Constrainted Optimization Problem in Matrix Entropy

https://cs.stackexchange.com/questions/13522

16-10-2019
|

Question

I have a constrainted optimization problem in the (Shannon) matrix entropy $\mathtt{(sum(entr(eig(A))))}$. The matrix $A$ can be written as the sum of rank 1 matrices of the form $[v_i\,v_i^T]$ where $v_i$ is a given normalized vector. The coefficients of the rank one matrices are the unknowns in which we optimize and they have to be larger than zero and sum up to 1.

In a CVX-like syntax the problem goes as follows: given variable $\mathtt{c(n)}$

$$\text{minimize} \qquad \mathtt{sum(entr(eig(A)))}$$

$$\begin{align} \text{subject to} \qquad A &= \sum c_i v_i v_i^T\\ \sum c_i &= 1\\ c_i &\ge 0\end{align}$$.

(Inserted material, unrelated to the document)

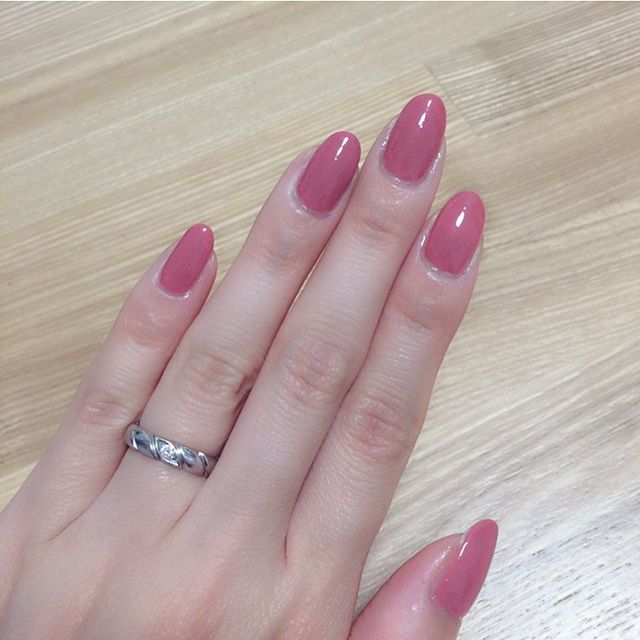 ダイヤが一粒ついています。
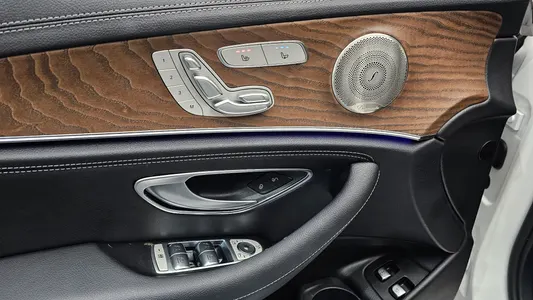 Mercedes-Benz E-Class W213 E300e 4MATIC 2023 17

Does any have an idea how to solve this efficiently? I already know it probably can't be cast as a semi-definite programming (SDP) problem.

Solution

Edit: A colleague informed me that my method below is an instance of the general method in the following paper, when specialized to the entropy function,

Overton, Michael L., and Robert S. Womersley. "Second derivatives for optimizing eigenvalues of symmetric matrices." SIAM Journal on Matrix Analysis and Applications 16.3 (1995): 697-718. http://ftp.cs.nyu.edu/cs/faculty/overton/papers/pdffiles/eighess.pdf

Overview

In this post I show that the optimization problem is well posed and that the inequality constraints are inactive at the solution, then compute first and second Frechet derivatives of the entropy function, then propose Newton's method on the problem with the equality constraint eliminated. Finally, Matlab code and numerical results are presented.

Well posedness of the optimization problem

First, the sum of positive definite matrices is positive definite, so for $c_i > 0$, the sum of rank-1 matrices $$A(c):=\sum_{i=1}^N c_i v_i v_i^T$$ is positive definite. If the set of $v_i$ is full rank, then eigenvalues of $A$ are positive, so the logarithms of the eigenvalues can be taken. Thus the objective function is well-defined on the interior of the feasible set.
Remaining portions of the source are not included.